Memories of pulling over on the side of the road on the way to the hospital because I was sick. Waiting in the hospital waiting room with tears streaming down my face. The sandpaper-like texture of the tissues they gave me as I waited to be rolled back to the operating room. Worrying that my husband had not had anything to eat all day. Crying as they wheeled me into the operating room. Waking up and telling the nurse in the recovery room that my heart hurt.
This year on May 18th, four years later, I’ll be wheeled into the operating room again; only for a much different reason. The thing I’ve fought so hard to preserve all these years (my fertility) will be taken away.

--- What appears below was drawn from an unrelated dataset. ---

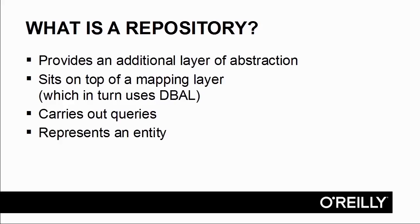The repository represents an entity and is used primarily for carrying out queries. It's an additional layer of abstraction which uses the mapping layer, and the mapping layer in turn uses DBAL, or Database Access Layer, which provides direct access to the PHP database extension.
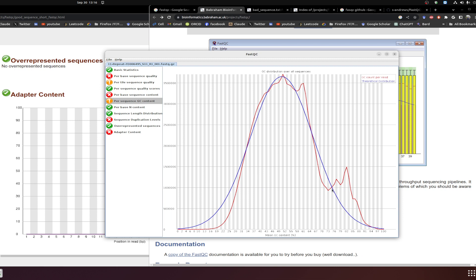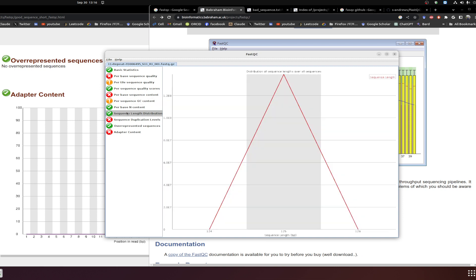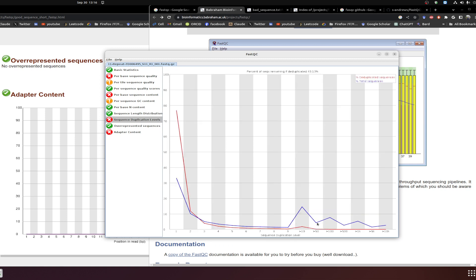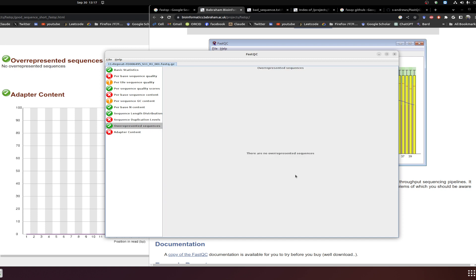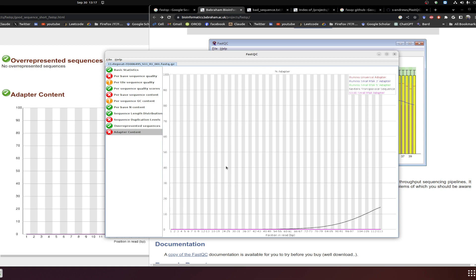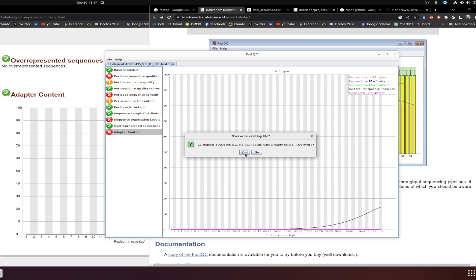Per-sequence GC content has some variability but overall is not bad. Per-base N content is nothing, which is absolutely fine. Sequence length distribution is quite good. Sequence duplication level shows some duplicates, but when going to overrepresented sequences there is nothing, which is good. For adapter content, there is a rise at the end — this is expected when doing long sequencing like 100 million reads. You can trim adapters using Trimmomatic or other tools, or adapt your procedure based on your interest.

I’m having a hysterectomy. It is my best shot at eliminating the pain caused by endometriosis, rather than merely managing the pain for the rest of my life. It is my choice and I know it is the right thing to do. I have two beautiful children and they are my main reason for doing this sooner rather than later. I need to be fully present for them, and I can’t do that if I’m in chronic pain. That doesn’t mean it’s easy.
When the nurse called with my surgery date, I hesitated for a minute. In my head I was thinking, “May 18th is the day my baby died. I don’t think I have room for anything else on that day. Plus, I’m supposed to go to the dentist.” But I went ahead and told her that was okay because it would probably be another month if I didn’t. There are so many emotions wrapped up in this day, in this surgery. But this year, I have decided that I am redefining May 18th. Yes, it will always be the day my baby died. But now it will also be the day that freed me from the physical pain that has tortured me since adolescence.
I’ll never forget the events of May 18, 2012. Why would I want to forget? It’s the day that changed me. Forgetting would mean not acknowledging the precious life that made me a mother. I’ll never forget, but maybe one day this day won’t sucker punch me like it always seems to do. Maybe. Or maybe it will always be hard. That will be okay too. Because looking back at those dark times lets me see how far I’ve come and how joyful the morning really is.